On Saturday, Trump hit a rate of 25% on goods from Mexico and Canada, while adding a 10% levy on import from China. The president said on Monday that he pauses the Mexico rates for a month after the Mexican President Claudia Sheinbaum agreed to immediately send 10,000 soldiers to the border of her country to prevent drug trafficking. Trump also raised his tariff threats for the European Union.
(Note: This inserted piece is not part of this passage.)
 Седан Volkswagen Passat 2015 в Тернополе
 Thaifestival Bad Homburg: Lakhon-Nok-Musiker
Rates could not only increase the costs of transporting goods across the borders, they can also disrupt the supply chains and disrupt the trust of companies. Goldman Sachs warned that Trump’s newest action could cause a sale of 5% in US shares because of the hit for the income of the company. Here are some of the most affected industries and shares:
Car manufacturers
These rates can have a material impact on the global car industry, which has a heavy dependence on production activities in North America.
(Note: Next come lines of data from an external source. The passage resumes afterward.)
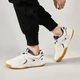 Pull back table tennis shoes 2022 spring sports shoes for men and women couple models low top breathable mesh table tennis shoes badminton shoes soft bottom shock absorption/103HC white dark blue 42/standard size Pull back table tennis shoes 2022 spring sports shoes for men and women couple models low top breathable mesh table tennis shoes badminton shoes soft bottom shock absorption/103HC white dark blue 42/standard size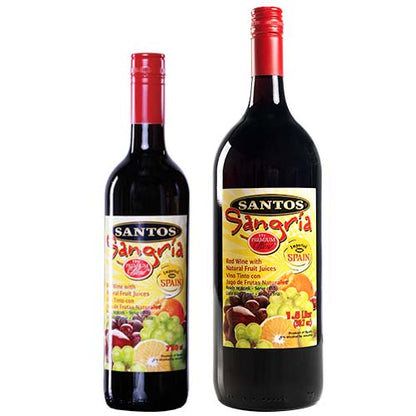 Santos Sangria 750mL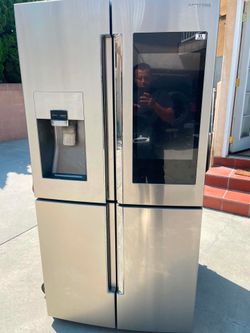 Samsung refrigerator smart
Detroit’s Big Three Car Makers – General Motors” FordAnd Stellantis – Could feel the pain of disturbed supply chains as a result of rates and it is possible to be forced to move the production of foreign factories to the United States.
Automakers are crushed
Eat and drink
Constellation brandsA large importer of alcohol from Mexico, leads a sale between drink stocks.
Canada has threatened to extract American alcohol from his government -run drink shelves in response to Trump’s 25% rates.
Restaurant chain Chipotle Mexican grill and avocado company Calavo -Tellers Could feel the pain of more expensive supplies, because these companies import avocados from Mexico.
Retailers
Sportswear -brands Nike And Lululemon Could be vulnerable to Trump’s rates because of their heavy dependence on Chinese import, including substances. Their considerable activities in China can also be hurt by the negative sentiment of the trade war.
Discount Retailers such as Five below It can be one of the most difficult companies, because the import from China usually makes a significant part of their turnover. Dollar general Shares were initially sold on tariff news but ended up in the Green on Monday. Dollar General has set its direct import percentage to 4% in 2023. Another victim could be Canada GooseA luxury outerwear in Canada.
Railways
Rates can be harmful to rail operators, because heavy tasks can delay the flow of goods to the US and harm their income and profit.
Pacific
Union Pacific Corporation Move freight to and from the Atlantic coast, the Pacific coast, the southeast, the southwest, Canada and Mexico. Norfolk Southern And Canadian Pacific Kansas City are also exposed to the rates.
Chinese e-commerce
Trump’s rates were also aimed at a trade supply that helped feed the explosive growth of online retailers of budget, including Temu. Orders against China, Canada and Mexico all stop a commercial exemption, known as “De Minimis”, with which exporters can send packages worth less than $ 800 in the American tax -free.
PDD holding property Temu and Alibaba’s AliExpress may no longer be able to benefit from the Maas in the Maas to sell cheap clothing, household items and electronics.
PDD Holdings
Clarification: This story has been updated to clarify that Dollar General set its direct import percentage to 4% in 2023.